Could the listing be repeated exactly, with every picture dropped?

Segment Start: Records for processing

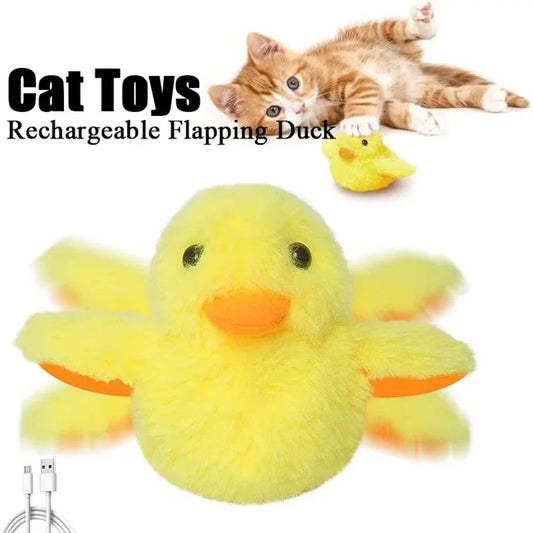 KFX-2219197 Interactive Electric Flapping Duck Cat Toy with Rechargeable Vibrating Sound, Washable Plush, and Catnip for Engaging Playtime
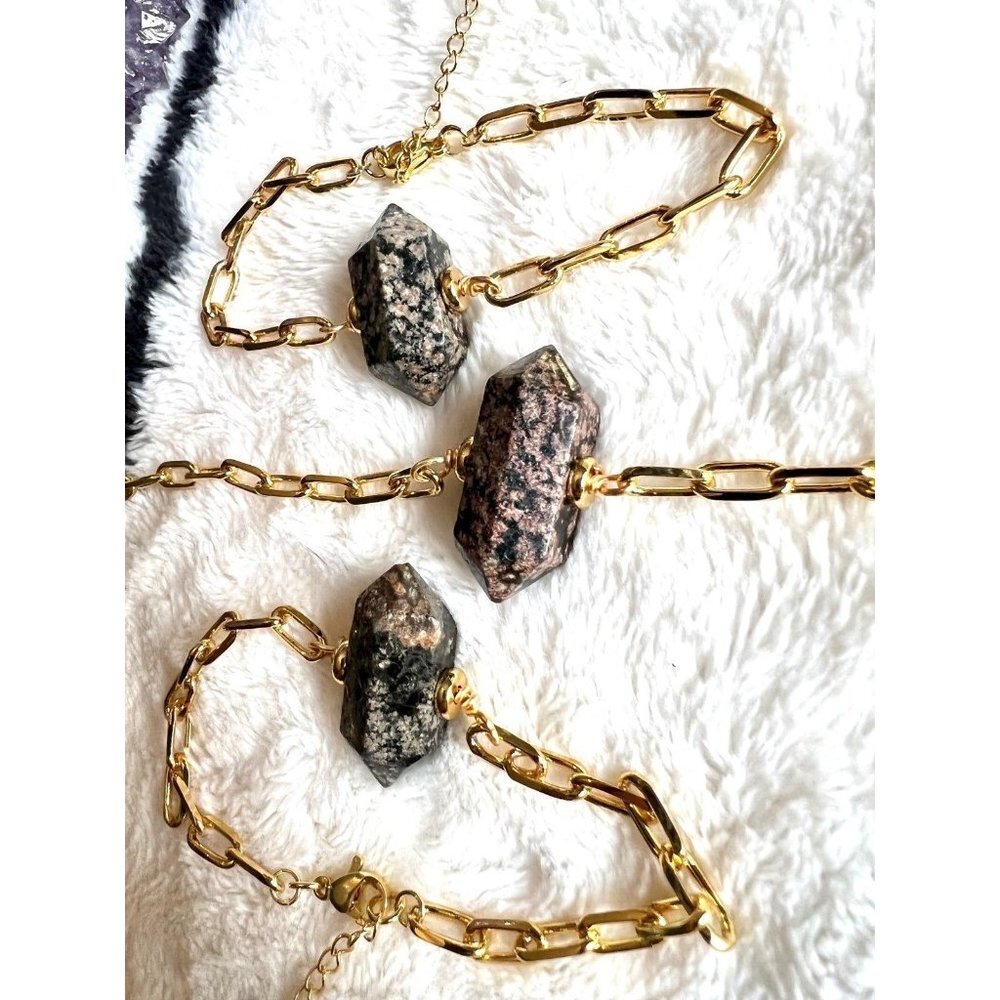 DT Leopard Skin Jasper Gold Plated Bracelet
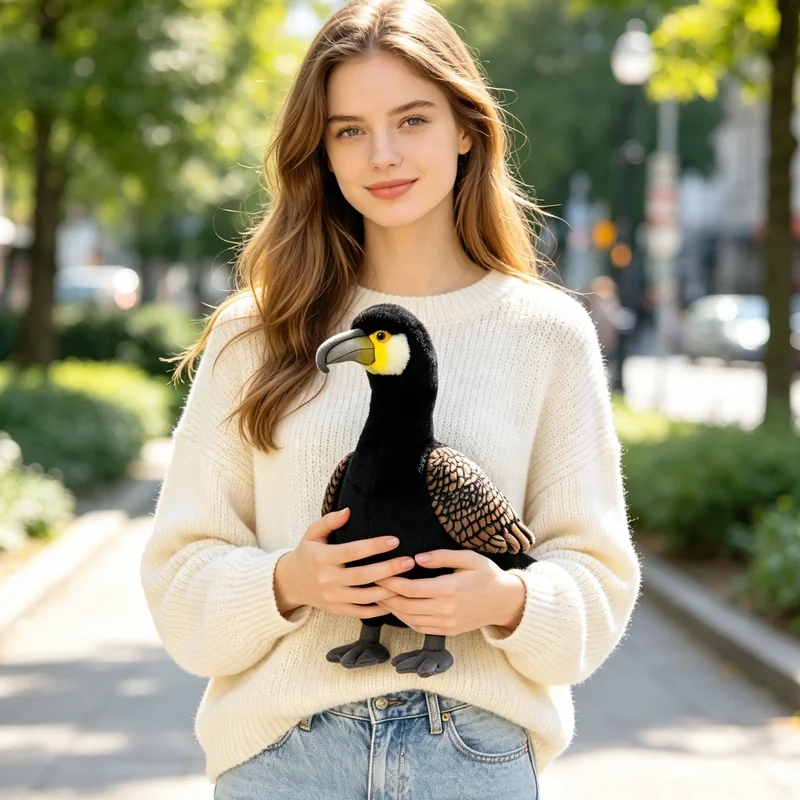 Lifelike Great Cormorant Plush Toy Soft Stuffed Water Bird Doll Realistic Simulation Animal Ornament Collection Gift for Bird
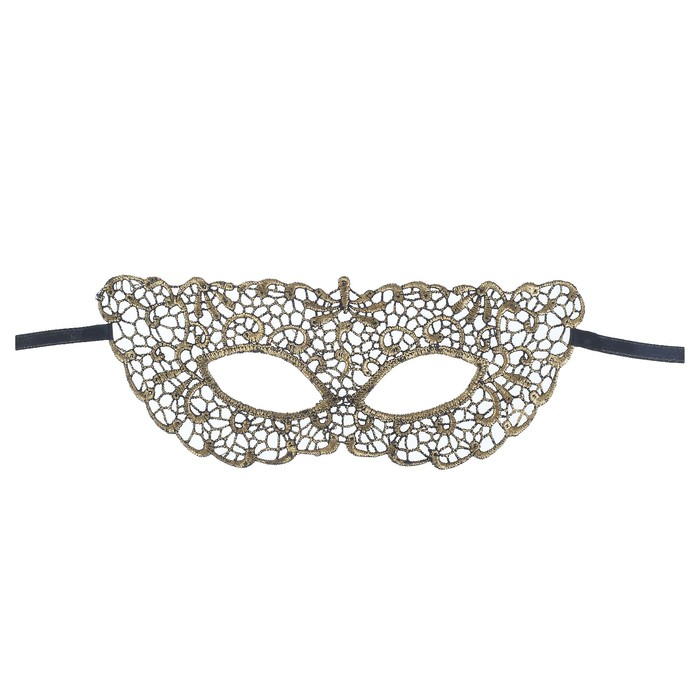 Карнавальная маска "Незнакомка" ажур, цвет золото
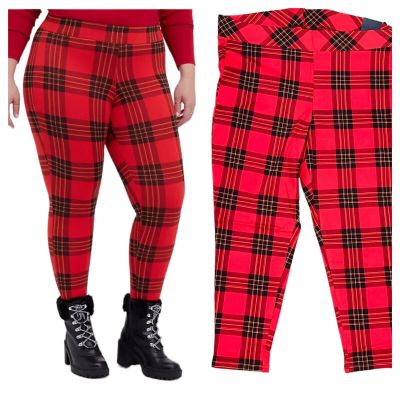 Torrid Premium Legging Pants Red Plaid Full Length Plus Size 4X (26) NWT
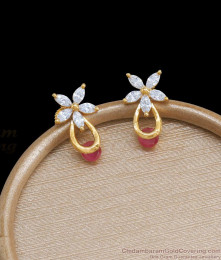 Real Gold Plated Earring Floral White Stone Stud ER3885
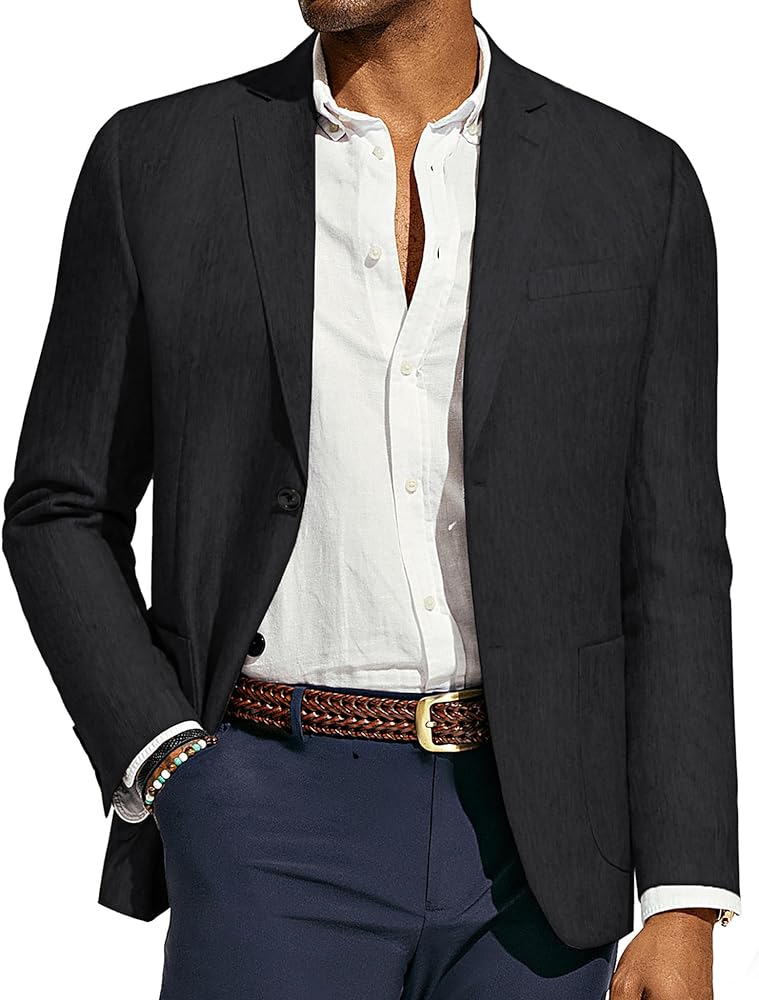 PJ PAUL JONES Mens Blazer Casual Sport Coats Regular Fit Two Button Suit Jacket Lightweight Sports Jacket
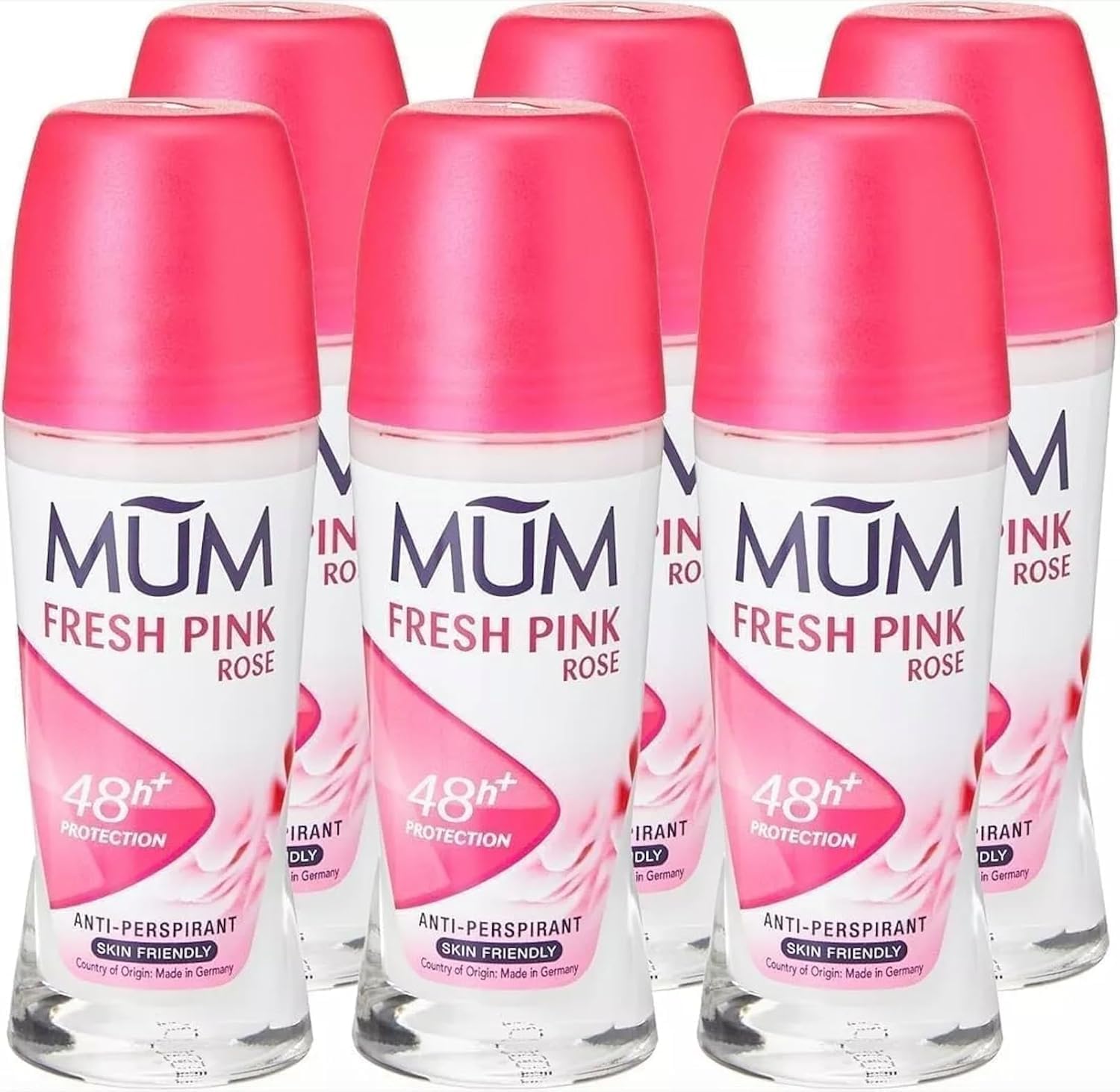 Mum Fresh Pink Rose Roll On Deodorant 48H Protection - Alcohol-Free Anti-Perspirant Vegan 50ml - Pack of 6 - Damaged Box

Segment End: Records for processing

__Result for this exercise__:
 KFX-2219197 Interactive Electric Flapping Duck Cat Toy with Rechargeable Vibrating Sound, Washable Plush, and Catnip for Engaging Playtime
 DT Leopard Skin Jasper Gold Plated Bracelet
 Lifelike Great Cormorant Plush Toy Soft Stuffed Water Bird Doll Realistic Simulation Animal Ornament Collection Gift for Bird
 Карнавальная маска "Незнакомка" ажур, цвет золото
 Torrid Premium Legging Pants Red Plaid Full Length Plus Size 4X (26) NWT
 Real Gold Plated Earring Floral White Stone Stud ER3885
 PJ PAUL JONES Mens Blazer Casual Sport Coats Regular Fit Two Button Suit Jacket Lightweight Sports Jacket
 Mum Fresh Pink Rose Roll On Deodorant 48H Protection - Alcohol-Free Anti-Perspirant Vegan 50ml - Pack of 6 - Damaged Box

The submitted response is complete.